Quindi, la simpatica premessa del primo capitolo è già un lontano ricordo, ora John Wick è costretto a rimettersi al lavoro, portare a termine un contratto difficile perché lui è l’uomo adatto per farlo, diventando però lui stesso il bersaglio di killer provenienti da tutto il mondo. John Wick: Chapter Two diventa così una fuga contro il tempo, contro la morte, e verso la salvezza da un mondo che gli punta il grilletto contro senza scrupoli.

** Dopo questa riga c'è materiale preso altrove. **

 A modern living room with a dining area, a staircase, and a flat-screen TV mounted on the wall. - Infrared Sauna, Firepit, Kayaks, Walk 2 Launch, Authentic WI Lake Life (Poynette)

Kosaldt e Stahelski (questa volta unico regista) mettono in scena un capitolo ancora più riuscito del primo perché indubbiamente più ironico e divertente. Il mondo parallello dei sicari, che avevamo conosciuto nel primo film solo attraverso la loro valuta e lo spazio neutro dell’Hotel Continental, fa da vero e proprio sfondo al film; Roma diventa una città di pregiate e eleganti boutique all’italiana in cui John Wick compra abiti, gadget e armi; il nostrano Hotel Continental è gestito immancabilmente da un grandissimo Franco Nero; l’amministrazione dei contratti viene gestita in un ufficio tutto al femminile, caotico e burocratico che pare venire direttamente da un film di Terry Gilliam; i barboni delle metropolitane newyorkesi non sono altro che ex-sicari comandati da un Laurence Fishburne che, in un sottile trovata metacinematografica, si ritrova “dopo tanto tempo” con Keanu Reeves; le regole dello spazio neutrale nel Continental non potranno neanche fermare la furia di John Wick verso l’insopportabile Santino.

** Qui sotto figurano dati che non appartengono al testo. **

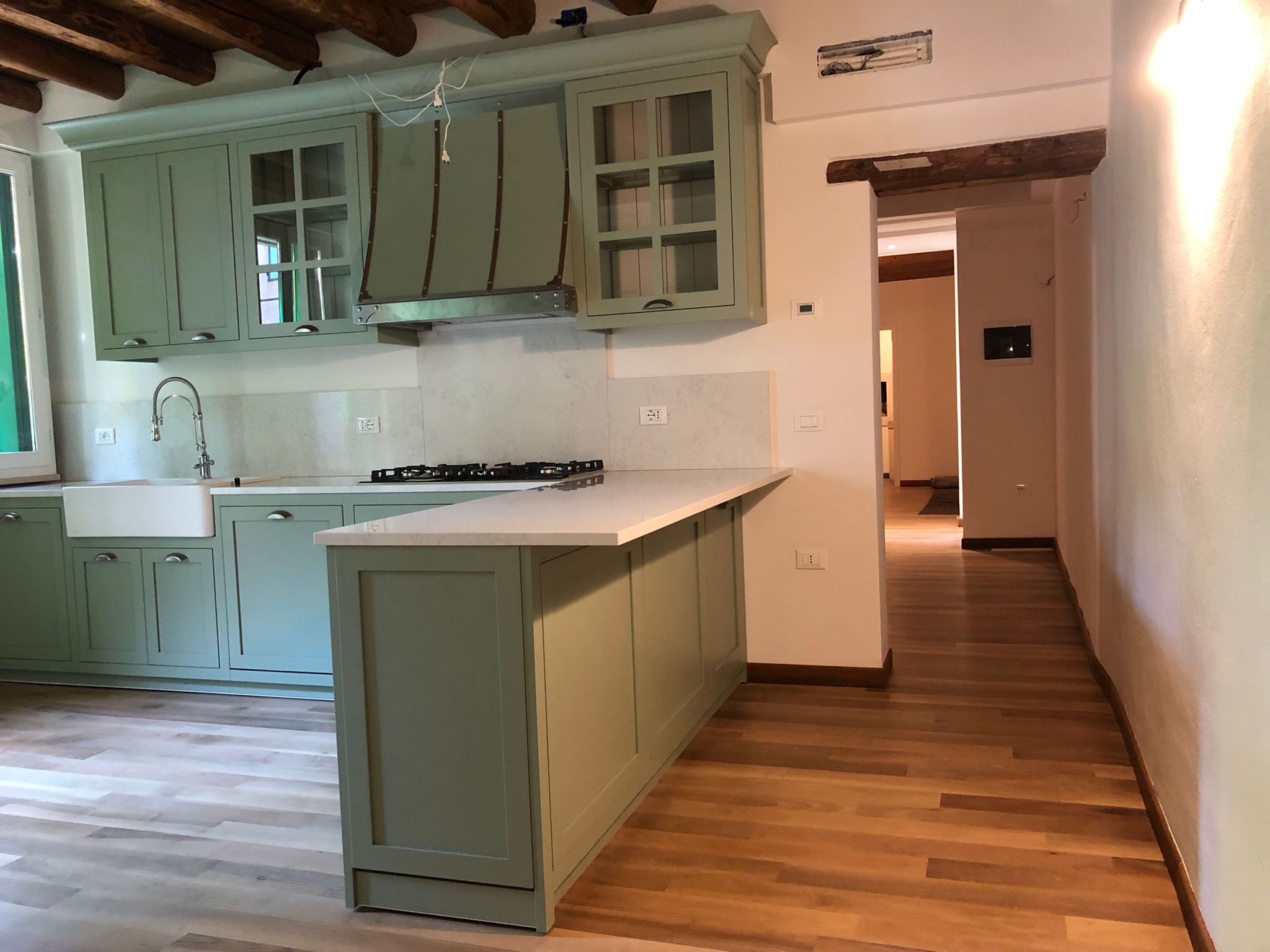 Cucina su misura a Vicenza con isola laccata verde salvia, piano chiaro e soffitto con travi in legno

Tra Roma e New York il film diventa un tour de force dal ritmo indiavolato che regala continue sequenze d’antologia, da tutta la prima parte in Italia (forse un po’ lunga) con almeno tre scene d’azione di grande impatto, fino alla fuga metropolitana di New York in cui John si trova a dover fronteggiare continuamente nemici camuffati in mezzo alla folla. Stahelski dimostra di saper girare e alza l’asticella delle scene d’azione calandole in contesti e scenari di grande impatto, una su tutte la sequenza in metropolitana a colpi di pistola silenziata, ma anche l’ultima, grande e lisergica scazzottata durante un continuo moltiplicarsi di specchi, riflessi e corpi senza dover ricorrere a effetti speciali.
Questi primi due capitoli di John Wick segnano il ritorno di Keanu Reeves, ma anche di un certo cinema muscolare e intelligente, come nel caso di Brawl in Cell Block 99 con Vince Vaughn. Sono due film che riportano una piacevole ventata d’aria fresca, e non perché reinventano chissà quale genere, ma perché tornano indietro e dimostrano che una certa cinematografia “da menare” può ancora benissimo funzionare per il grande pubblico, in un’era in cui si vuole esagerare e porre i grandi supereroi davanti a catastrofi digitalizzate.
Insomma, mentre si continua ad attendere il terzo capitolo indonesiano delle peripezie di Iko Uwais in The Raid (non a caso l’attore ha collaborato con Reeves in Man of Tai Chi, ma è anche comparso nel sottovalutato Headshot), i fan aspettando con trepidazione il terzo capitolo di John Wick sperando che sia “duro da morire”.